Assignment – Beneath this task are records; print exactly the stretch of them from the line with "direção aos tecidos." through the line with "Ragdoll cats for", both ends included.

+--

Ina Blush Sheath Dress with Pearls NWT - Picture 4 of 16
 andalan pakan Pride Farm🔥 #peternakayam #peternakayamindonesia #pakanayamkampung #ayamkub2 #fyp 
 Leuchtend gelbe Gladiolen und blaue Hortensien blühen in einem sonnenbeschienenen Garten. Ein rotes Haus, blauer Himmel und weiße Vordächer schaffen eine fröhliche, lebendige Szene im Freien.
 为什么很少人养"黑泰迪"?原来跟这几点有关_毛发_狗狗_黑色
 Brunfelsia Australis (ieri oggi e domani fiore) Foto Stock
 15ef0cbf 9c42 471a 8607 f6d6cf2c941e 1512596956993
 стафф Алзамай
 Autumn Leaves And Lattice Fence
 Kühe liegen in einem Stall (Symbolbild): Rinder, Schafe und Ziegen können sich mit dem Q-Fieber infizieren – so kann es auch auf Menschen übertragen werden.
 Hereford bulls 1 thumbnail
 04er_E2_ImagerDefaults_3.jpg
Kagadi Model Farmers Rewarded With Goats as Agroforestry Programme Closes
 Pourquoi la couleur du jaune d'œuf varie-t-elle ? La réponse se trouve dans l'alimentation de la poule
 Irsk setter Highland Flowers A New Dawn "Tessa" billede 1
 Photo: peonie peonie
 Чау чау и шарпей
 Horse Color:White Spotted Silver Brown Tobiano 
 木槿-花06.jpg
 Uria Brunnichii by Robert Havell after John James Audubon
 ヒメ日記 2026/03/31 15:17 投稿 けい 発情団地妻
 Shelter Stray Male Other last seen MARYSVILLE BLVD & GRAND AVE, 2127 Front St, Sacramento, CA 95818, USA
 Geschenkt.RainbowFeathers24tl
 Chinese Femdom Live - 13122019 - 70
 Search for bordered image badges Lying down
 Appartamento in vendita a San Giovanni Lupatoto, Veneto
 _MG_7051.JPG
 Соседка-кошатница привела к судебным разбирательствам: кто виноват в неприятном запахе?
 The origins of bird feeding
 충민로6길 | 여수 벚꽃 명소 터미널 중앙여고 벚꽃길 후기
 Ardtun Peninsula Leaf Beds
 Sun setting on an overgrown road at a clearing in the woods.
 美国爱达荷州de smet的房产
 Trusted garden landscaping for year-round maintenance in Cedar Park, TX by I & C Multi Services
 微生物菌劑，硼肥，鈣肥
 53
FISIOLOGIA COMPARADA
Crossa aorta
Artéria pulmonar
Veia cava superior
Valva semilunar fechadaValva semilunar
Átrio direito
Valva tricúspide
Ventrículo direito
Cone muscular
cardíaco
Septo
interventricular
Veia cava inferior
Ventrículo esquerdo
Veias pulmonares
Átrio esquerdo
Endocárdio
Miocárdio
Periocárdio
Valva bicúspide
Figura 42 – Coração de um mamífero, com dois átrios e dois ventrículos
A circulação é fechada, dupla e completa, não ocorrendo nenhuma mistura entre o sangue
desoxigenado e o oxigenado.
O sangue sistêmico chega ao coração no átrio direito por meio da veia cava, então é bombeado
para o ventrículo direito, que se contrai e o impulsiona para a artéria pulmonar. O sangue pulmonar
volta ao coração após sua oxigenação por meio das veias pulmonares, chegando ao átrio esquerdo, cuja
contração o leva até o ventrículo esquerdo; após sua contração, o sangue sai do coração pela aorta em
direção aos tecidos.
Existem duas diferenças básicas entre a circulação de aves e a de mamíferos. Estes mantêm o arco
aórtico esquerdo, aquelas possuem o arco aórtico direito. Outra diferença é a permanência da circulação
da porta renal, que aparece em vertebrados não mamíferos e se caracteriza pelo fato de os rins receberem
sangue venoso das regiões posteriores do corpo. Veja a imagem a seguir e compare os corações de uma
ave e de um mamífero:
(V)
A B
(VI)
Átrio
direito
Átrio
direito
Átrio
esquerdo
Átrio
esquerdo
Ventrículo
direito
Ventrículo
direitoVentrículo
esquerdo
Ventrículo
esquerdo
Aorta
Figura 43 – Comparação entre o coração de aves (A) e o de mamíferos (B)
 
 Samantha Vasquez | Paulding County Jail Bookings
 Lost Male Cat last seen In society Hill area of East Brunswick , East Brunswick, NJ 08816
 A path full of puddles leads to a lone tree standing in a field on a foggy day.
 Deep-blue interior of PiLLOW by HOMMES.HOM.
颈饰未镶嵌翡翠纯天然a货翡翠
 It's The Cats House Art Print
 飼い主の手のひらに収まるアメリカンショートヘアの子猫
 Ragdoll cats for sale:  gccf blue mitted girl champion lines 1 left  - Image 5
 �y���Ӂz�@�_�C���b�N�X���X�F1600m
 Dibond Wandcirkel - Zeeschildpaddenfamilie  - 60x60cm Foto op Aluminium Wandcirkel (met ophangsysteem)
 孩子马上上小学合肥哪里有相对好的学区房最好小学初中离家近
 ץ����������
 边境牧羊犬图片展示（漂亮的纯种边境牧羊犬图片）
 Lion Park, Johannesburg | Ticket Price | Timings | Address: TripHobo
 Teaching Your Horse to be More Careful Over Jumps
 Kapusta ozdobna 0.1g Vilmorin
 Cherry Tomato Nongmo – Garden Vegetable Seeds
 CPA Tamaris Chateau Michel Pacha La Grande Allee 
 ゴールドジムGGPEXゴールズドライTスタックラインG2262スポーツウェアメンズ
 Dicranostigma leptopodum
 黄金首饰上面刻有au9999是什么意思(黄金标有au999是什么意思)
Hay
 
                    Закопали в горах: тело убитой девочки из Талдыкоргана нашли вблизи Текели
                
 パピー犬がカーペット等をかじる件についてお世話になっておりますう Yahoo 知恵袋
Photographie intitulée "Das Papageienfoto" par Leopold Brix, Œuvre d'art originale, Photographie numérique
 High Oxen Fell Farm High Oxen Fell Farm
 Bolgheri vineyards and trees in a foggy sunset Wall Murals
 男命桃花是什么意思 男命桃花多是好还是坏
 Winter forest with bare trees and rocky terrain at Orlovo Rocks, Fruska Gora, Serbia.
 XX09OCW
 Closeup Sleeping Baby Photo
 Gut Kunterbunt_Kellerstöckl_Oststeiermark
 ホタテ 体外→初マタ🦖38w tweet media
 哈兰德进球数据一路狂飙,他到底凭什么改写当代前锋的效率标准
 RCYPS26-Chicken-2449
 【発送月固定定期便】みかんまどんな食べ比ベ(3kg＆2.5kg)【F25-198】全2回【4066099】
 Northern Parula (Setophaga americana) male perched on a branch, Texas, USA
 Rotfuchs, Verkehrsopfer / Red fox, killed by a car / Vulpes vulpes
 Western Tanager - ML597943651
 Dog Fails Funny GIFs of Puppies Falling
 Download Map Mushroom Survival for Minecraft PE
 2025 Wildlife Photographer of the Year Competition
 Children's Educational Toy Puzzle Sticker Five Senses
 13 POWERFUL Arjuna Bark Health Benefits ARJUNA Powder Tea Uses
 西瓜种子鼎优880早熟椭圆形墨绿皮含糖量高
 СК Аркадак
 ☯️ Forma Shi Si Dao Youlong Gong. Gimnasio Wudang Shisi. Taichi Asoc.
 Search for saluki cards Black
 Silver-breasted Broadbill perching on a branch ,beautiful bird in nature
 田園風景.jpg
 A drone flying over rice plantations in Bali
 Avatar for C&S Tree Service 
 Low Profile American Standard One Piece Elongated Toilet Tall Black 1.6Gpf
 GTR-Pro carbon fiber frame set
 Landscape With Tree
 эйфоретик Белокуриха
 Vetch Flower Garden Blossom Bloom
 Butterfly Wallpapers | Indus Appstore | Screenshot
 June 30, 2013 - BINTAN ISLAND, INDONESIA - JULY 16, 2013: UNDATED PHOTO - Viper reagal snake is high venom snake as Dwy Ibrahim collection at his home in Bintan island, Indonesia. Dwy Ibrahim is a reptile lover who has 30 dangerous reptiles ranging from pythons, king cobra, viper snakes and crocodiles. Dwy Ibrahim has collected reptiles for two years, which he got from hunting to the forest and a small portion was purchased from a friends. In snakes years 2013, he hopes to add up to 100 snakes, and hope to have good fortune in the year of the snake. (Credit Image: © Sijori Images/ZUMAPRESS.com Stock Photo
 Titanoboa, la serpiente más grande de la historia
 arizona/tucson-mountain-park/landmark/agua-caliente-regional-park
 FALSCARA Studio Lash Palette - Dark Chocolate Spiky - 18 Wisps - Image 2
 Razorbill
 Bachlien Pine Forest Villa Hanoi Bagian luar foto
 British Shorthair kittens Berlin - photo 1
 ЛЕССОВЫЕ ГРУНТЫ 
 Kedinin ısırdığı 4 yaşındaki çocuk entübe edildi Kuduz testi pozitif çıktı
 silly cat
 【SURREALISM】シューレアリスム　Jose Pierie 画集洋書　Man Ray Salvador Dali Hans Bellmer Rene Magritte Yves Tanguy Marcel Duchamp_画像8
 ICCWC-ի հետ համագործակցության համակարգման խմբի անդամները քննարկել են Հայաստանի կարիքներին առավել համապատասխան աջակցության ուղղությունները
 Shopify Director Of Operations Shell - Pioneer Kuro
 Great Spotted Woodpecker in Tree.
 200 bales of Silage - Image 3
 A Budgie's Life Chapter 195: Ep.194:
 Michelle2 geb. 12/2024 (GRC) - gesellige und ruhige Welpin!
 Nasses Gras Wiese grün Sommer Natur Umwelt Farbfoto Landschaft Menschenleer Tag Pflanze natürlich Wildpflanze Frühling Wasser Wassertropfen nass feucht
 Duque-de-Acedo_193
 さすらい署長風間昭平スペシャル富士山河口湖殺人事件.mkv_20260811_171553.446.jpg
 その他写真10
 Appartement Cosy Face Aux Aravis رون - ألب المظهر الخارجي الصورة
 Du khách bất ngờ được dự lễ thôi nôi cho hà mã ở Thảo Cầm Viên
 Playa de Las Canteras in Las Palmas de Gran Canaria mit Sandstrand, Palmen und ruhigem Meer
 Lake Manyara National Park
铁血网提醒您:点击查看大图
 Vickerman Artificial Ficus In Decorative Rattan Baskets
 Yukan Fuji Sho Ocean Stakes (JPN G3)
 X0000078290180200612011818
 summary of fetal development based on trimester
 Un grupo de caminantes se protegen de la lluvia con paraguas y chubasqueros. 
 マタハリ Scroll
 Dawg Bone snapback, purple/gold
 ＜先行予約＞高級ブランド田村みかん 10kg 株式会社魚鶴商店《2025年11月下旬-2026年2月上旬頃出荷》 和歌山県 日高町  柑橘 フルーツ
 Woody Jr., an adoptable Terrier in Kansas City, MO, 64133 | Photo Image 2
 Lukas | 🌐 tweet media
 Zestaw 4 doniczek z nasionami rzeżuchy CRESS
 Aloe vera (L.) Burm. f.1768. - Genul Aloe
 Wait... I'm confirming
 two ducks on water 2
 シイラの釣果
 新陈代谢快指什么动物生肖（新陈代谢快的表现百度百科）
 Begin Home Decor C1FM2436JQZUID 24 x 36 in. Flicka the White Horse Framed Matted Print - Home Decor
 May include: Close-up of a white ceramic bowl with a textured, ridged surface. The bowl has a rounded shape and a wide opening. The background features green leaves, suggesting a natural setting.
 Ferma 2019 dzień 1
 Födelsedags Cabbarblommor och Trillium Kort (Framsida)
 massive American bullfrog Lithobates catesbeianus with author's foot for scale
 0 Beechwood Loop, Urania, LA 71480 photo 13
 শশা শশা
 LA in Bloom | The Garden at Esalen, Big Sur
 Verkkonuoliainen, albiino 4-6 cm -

+--

Task result –
direção aos tecidos.
Existem duas diferenças básicas entre a circulação de aves e a de mamíferos. Estes mantêm o arco
aórtico esquerdo, aquelas possuem o arco aórtico direito. Outra diferença é a permanência da circulação
da porta renal, que aparece em vertebrados não mamíferos e se caracteriza pelo fato de os rins receberem
sangue venoso das regiões posteriores do corpo. Veja a imagem a seguir e compare os corações de uma
ave e de um mamífero:
(V)
A B
(VI)
Átrio
direito
Átrio
direito
Átrio
esquerdo
Átrio
esquerdo
Ventrículo
direito
Ventrículo
direitoVentrículo
esquerdo
Ventrículo
esquerdo
Aorta
Figura 43 – Comparação entre o coração de aves (A) e o de mamíferos (B)
 
 Samantha Vasquez | Paulding County Jail Bookings
 Lost Male Cat last seen In society Hill area of East Brunswick , East Brunswick, NJ 08816
 A path full of puddles leads to a lone tree standing in a field on a foggy day.
 Deep-blue interior of PiLLOW by HOMMES.HOM.
颈饰未镶嵌翡翠纯天然a货翡翠
 It's The Cats House Art Print
 飼い主の手のひらに収まるアメリカンショートヘアの子猫
 Ragdoll cats for sale:  gccf blue mitted girl champion lines 1 left  - Image 5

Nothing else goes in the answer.